É neste período de lutas pelo poder e de garantias de direitos e liberdades que Jonh Locke desenvolve a teoria de que são devidas aos homens, liberdades originárias e inalienáveis, e a teoria da divisão de poderes que Montesquieu irá desenvolver e denominar “separação de poderes”, a que deu origem à interpretação rígida feita pelos revolucionários franceses, mas que na Inglaterra não levou à criação de uma Administração tida como entidade superior que não devia sujeitar-se ao controlo do poder judicial, mas sim à separação de poderes, entendida como autonomia e independência dos poderes do Estado que se limitavam reciprocamente.
Assim, contrariamente ao que sucedeu em França, e também porque o poder judicial detinha uma vinculada independência e gozava de grande prestígio, na Inglaterra a Administração, encontrava-se submetida em toda a sua actuação à “common law”, não se lhe reconhecendo quaisquer privilégios ou prerrogativas de autoridade pública. A sujeição da Administração ao “direito comum” e aos tribunais judiciais, é uma realidade a que não se pode furtar através da invocação de imunidades ou privilégios. A administração britânica não tem um Direito próprio, a autotutela declarativa e a autotutela executiva são institutos que a sua actuação desconhece. Se um órgão da Administração tomar uma decisão desfavorável a um particular e este não a acatar voluntariamente, à Administração só lhe resta recorrer ao tribunal comum (segundo o due process of law) para obter uma sentença que torne imperativa a sua decisão. No confronto entre a Administração e os particulares, são reconhecidos a estes os seus direitos, e sempre que actuação administrativa resulte a lesão de um direito do particular, este encontra protecção no recurso aos tribunais comuns. Um modelo subjectivista associado à ideia de uma “protecção judicial plena e efectiva”.
O modelo britânico levou mesmo alguns autores a afirmar que o Direito Administrativo não era conhecido na Grã-Bretanha - DICEY.
Com o surgimento da Administração Prestadora do Estado Social (passagem da Administração Agressiva para a Administração Prestadora) vai assistir-se a uma transformação do sistema britânico. Com a intervenção dos poderes públicos na vida económica, social e cultural, surgem normas reguladoras da actividade administrativa e reconhecem-se a certas autoridades administrativas (Tribunals), poderes de autotutela e especificidades contenciosas (decidem questões de direito administrativo segundo critérios de legalidade). O reconhecimento da ineficiência dos tribunais comuns para exercerem o controlo da Administração, levou à criação de órgãos administrativos especiais (os “administrative tribunals” - destinados a exercer a função administrativa e a fiscalizar a Administração).

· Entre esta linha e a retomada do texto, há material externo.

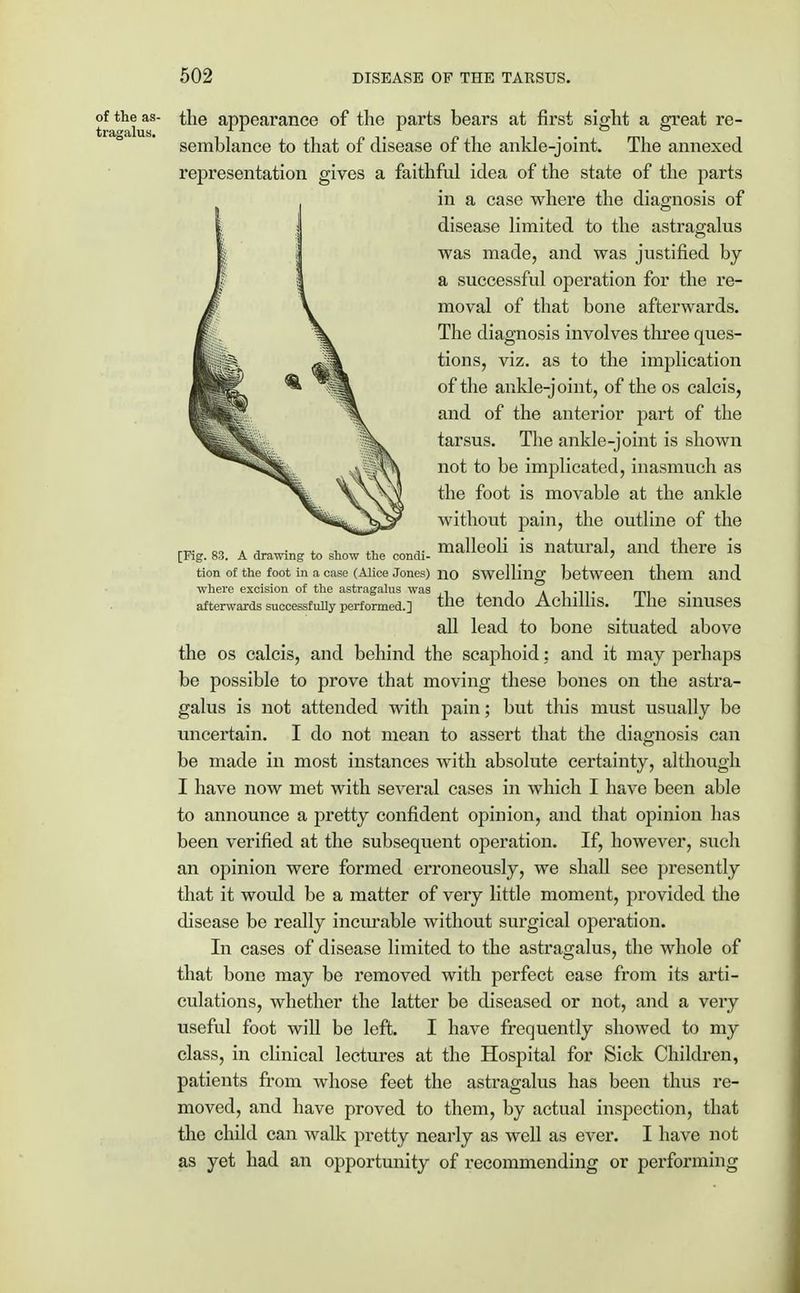 of the as- the appearance of the parts bears at first sight a great re- semblance to that of disease of the ankle-joint. The annexed representation gives a faithful idea of the state of the parts in a case where the diagnosis of disease limited to the astragalus was made, and was justified by a successful operation for the re- moval of that bone afterwards. The diagnosis involves three ques- tions, viz. as to the implication of the ankle-joint, of the os calcis, and of the anterior part of the tarsus. The ankle-joint is shown not to be implicated, inasmuch as the foot is movable at the ankle without pain, the outline of the [Kg. 83. a drawing to show the condi- malleoli is natural, and there is won of the foot m a case (Alice Jones) no swelling between them and where excision of the astragalus was , , . , .... m. afterwards successfully performed.] the tendo AchllllS. llie SUlUSeS all lead to bone situated above the os calcis, and behind the scaphoid: and it may perhaps be possible to prove that moving these bones on the astra- galus is not attended with pain; but this must usually be uncertain. I do not mean to assert that the diagnosis can be made in most instances with absolute certainty, although I have now met with several cases in which I have been able to announce a pretty confident opinion, and that opinion has been verified at the subsequent operation. If, however, such an opinion were formed erroneously, we shall see presently that it would be a matter of very little moment, provided the disease be really incurable without surgical operation. In cases of disease limited to the astragalus, the whole of that bone may be removed with perfect ease from its arti- culations, whether the latter be diseased or not, and a very useful foot will be left. I have frequently showed to my class, in clinical lectures at the Hospital for Sick Children, patients from whose feet the astragalus has been thus re- moved, and have proved to them, by actual inspection, that the child can walk pretty nearly as well as ever. I have not as yet had an opportunity of recommending or performing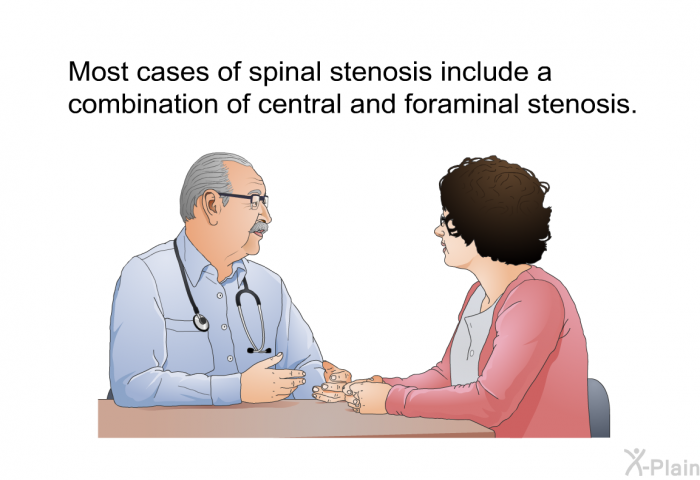 Most cases of spinal stenosis include a combination of central and foraminal stenosis.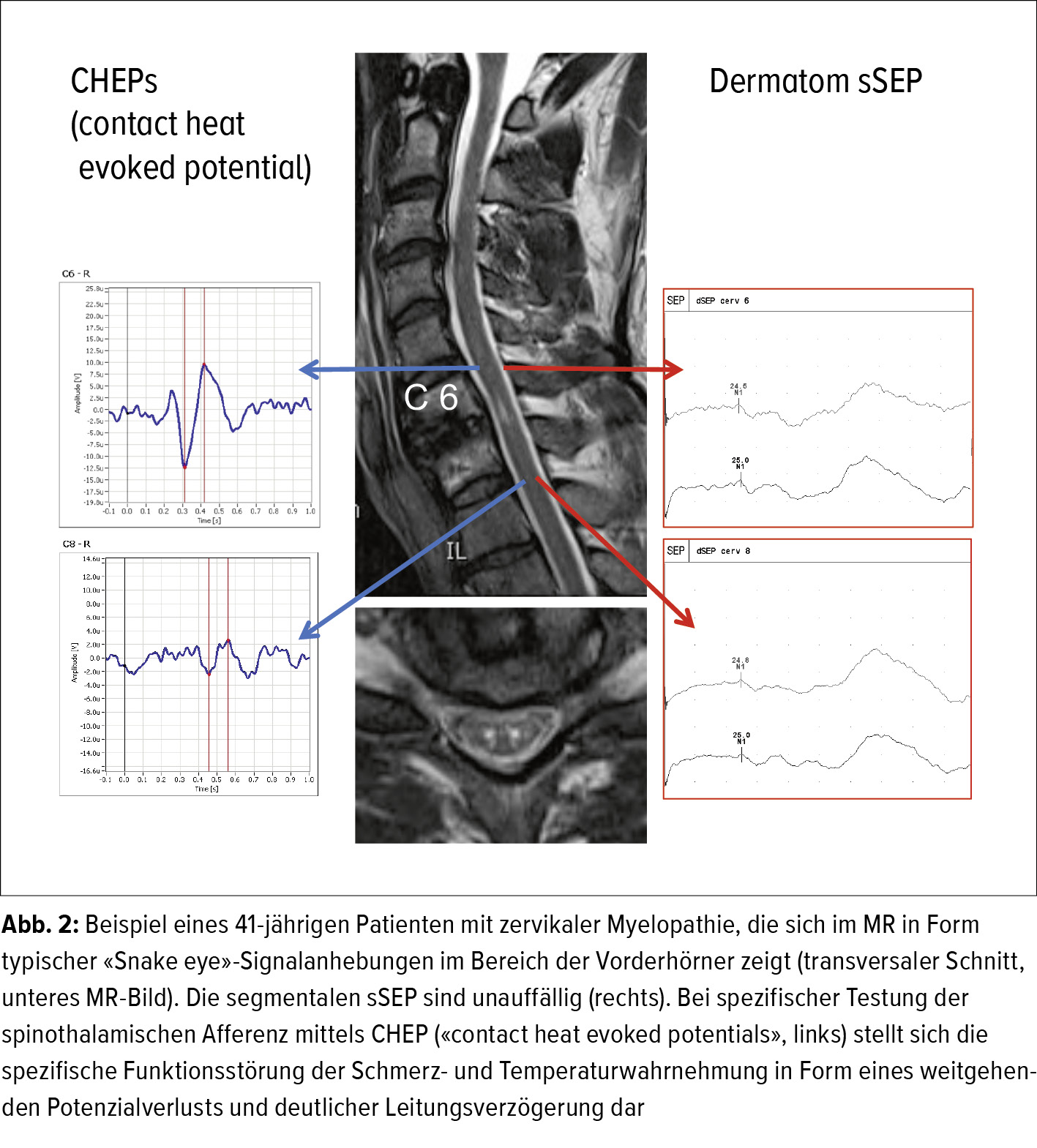 Neurologische Operationsindikation An Der Wirbelsaule Und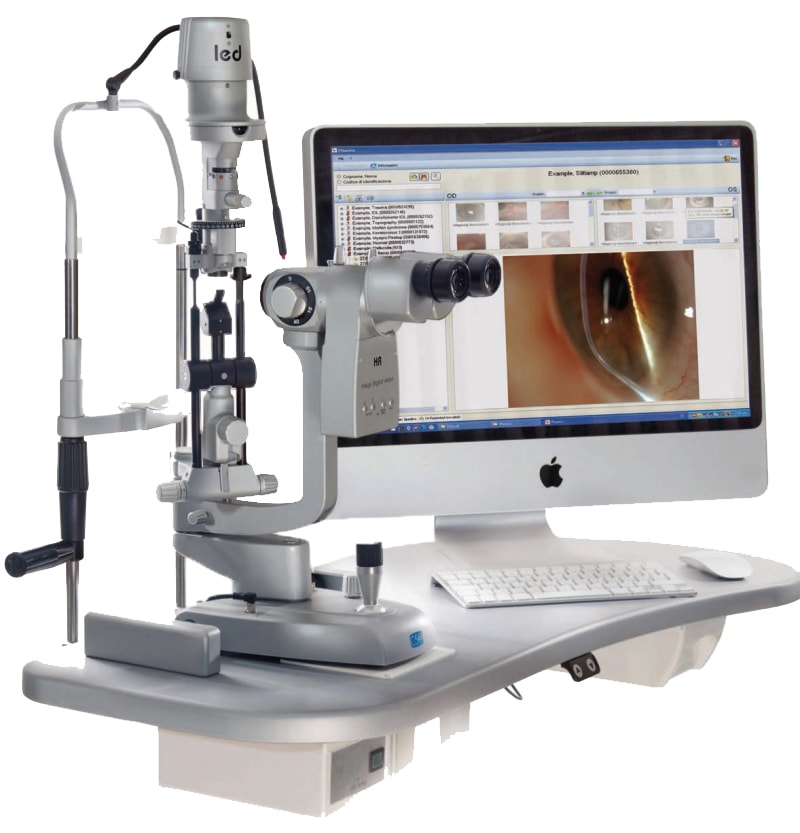 large 1364214029 SL990 digital CSO slit lamp min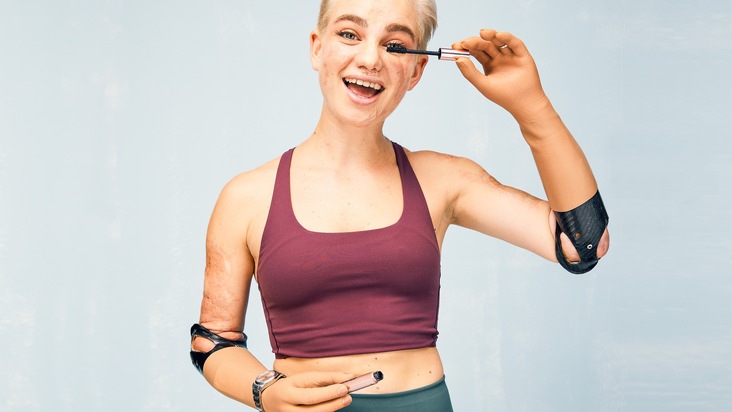 Neue Initiative von und für Menschen mit Armprothesen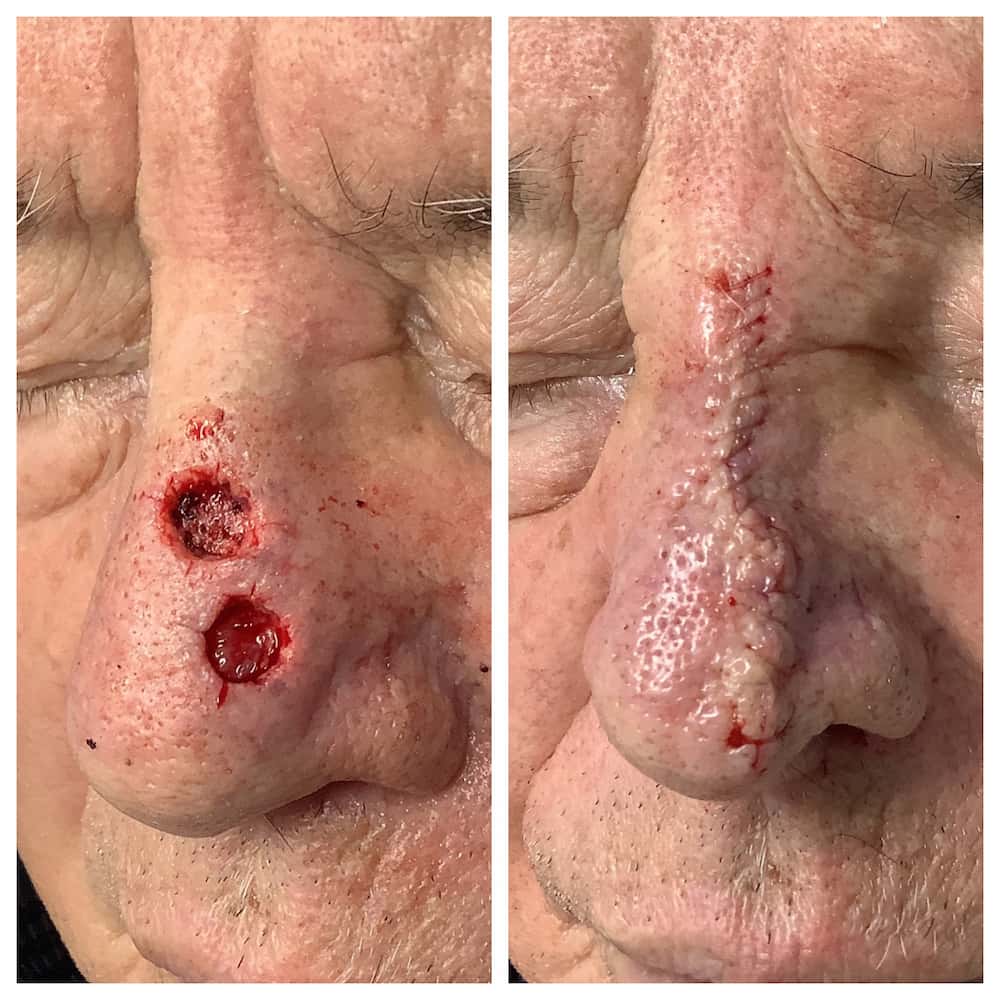 nose-surgery-before-and-after (2)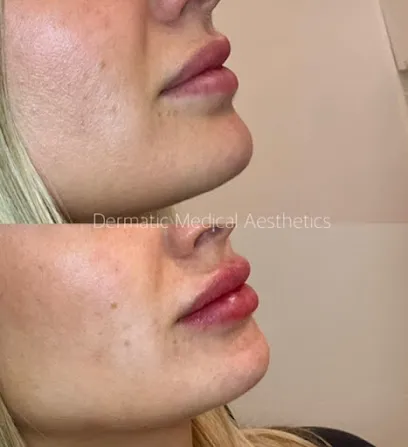 Dermatic Medical Aesthetics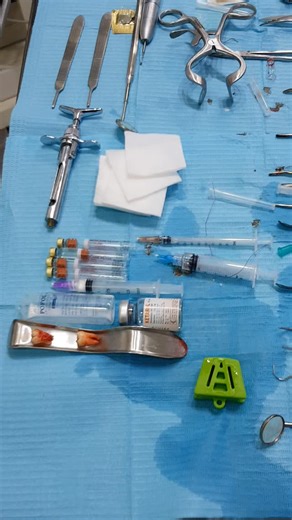 Premier Dentistry on Instagram: "Bilateral wisdom teeth surgery under deep IV sedation For more info 03175857372 44 Upper Ground Floor Civic Centre Phase 4 Bahria Town Islamabad"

Com o surgimento do Direito Administrativo na Grã-Bretanha durante o séc. XX e tal como tinha acontecido em França, assistiu-se a uma relativa confusão entre as funções administrativas e as judiciais, não tanto pela criação de tribunais especiais integrados na Administração como aconteceu em França, mas sim pelas garantias administrativas que envolvem a intervenção conjugada de “órgãos administrativos especiais” (os Tibunals) com tribunais (Courts). No entanto deve salientar-se que perante esta “promiscuidade” a regra de que a última palavra deve caber a um tribunal (Court) e não a um órgão administrativo especial, sendo sempre garantido o recurso para tribunais superiores (superior courts), foi implementada pelo “Tribunals and Inquiries Act” de 1958 e1992. Nos anos setenta do séc. XX o Direito Administrativo britânico, nomeadamente o seu contencioso ganhou dimensão constitucional. Com a constitucionalização o contencioso administrativo é acompanhado por uma progressiva especialização, com a instituição do “Queen’s Bench Division” do “High Court” como tribunal especializado para o conhecimento de litígios administrativos e uma forma especial de processo para as questões administrativas (“judicial review”), um verdadeiro tribunal administrativo que embora esteja integrado numa jurisdição única é um tribunal especializado.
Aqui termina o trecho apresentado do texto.